Similarly as I’d prepared to enter the church, I’d heard
the church bells tolling from the steeple, and I thought, ‘Today they toll for me
– or for someone so close to me, no distinction can be made.’
As we pulled away from the cemetery, I looked back
through the window of the limo and saw his casket after it had been lowered into
the ground. In other words: buried. The work required after the solemn words are pronounced -- the whole point of the trip, indeed.
When I’d arrived in Avon two days before the wake, my devoutly Catholic but heavy in mourning mother speculates that perhaps heaven – the idea of life after death -- is all “a hoax.” Billions of people have died, she says, and yet we don’t really know what happens.
Before I got in the car, I'd thought: I am driving into the unknown. He will not be there. He will not be elsewhere. He’s no longer sick but he also isn’t better in the sense we normally mean.
Only one person now lives at 329.
I spent Sunday and Monday in a way I rarely do: constantly checking my phone. And the phone responded in a way it rarely does: new texts or emails every time.
I am not wracked with grief every moment of the day but when I wake up or when I transition into another activity – collecting something from a shop, for example – I am suddenly aware that he is no longer. I am fine, I am even happy, I am moving about and then a piece of information smacks me across the face. He’s gone.
I imagine my life as a country and all the borders are secure, or so I think, and then suddenly I see one corner of my nation has been infiltrated, invaded. There is a gap, a hole, a breach. Everything is not OK: He’s no longer your father in the way you’ve always known him to be.
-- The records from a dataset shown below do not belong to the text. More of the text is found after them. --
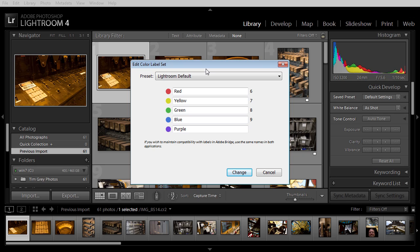In Lightroom, by default, the red color label has the word red assigned to it, yellow has yellow, etc. Pretty straightforward.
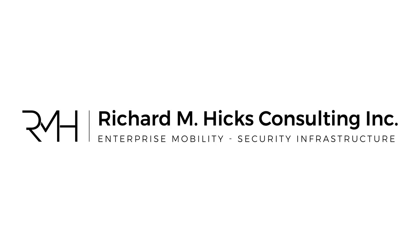Hi, this is Richard Hicks, founder and principal consultant of Richard M. Hicks Consulting, where we specialize in enterprise mobility and security infrastructure.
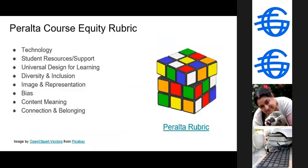Following the thread of diversity, equity, and inclusion, there's also a rubric focused specifically on that — the Peralta equity rubric. Peralta is a college in California. This rubric was actually created for online course design, but it works equally well for measuring OER and looking at whether a text is demonstrating equity properly. The link in the slides will take you to the rubric itself. I would encourage you to take a look, compare your book to this rubric, and just see how it fares.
It's as if unbeknownst to me, I loved being his daughter – loved the version of Earth where he was still alive.
As I'd packed my suitcase for the funeral -- the reckoning -- I gathered a few books to keep watch over me. I found myself reading Psalm 23 over and over (“The Lord is my shepherd” – or as my father would have said, “The Lord is my Taylor.”). I also looked up Psalm 40, marveling over how Bono made the Bible verse even better in song. I will sing, sing a new song.
I threw clothes into a suitcase. I don’t have anything nice, or in any event, I don’t have anything for a funeral. But besides, what would I want to wear? Nothing will seem right. I pictured myself standing awkwardly in some dress that was ill-fitting perhaps because air would feel ill-fitting.
I write these notes as we sit in the limo, headed toward the repast. I have not been thinking a lot about writing. But while editing for CNN the other day, I opened up the file for the photo gallery entitled, 'People We Lost in 2021,' and I thought, well, I have someone to add.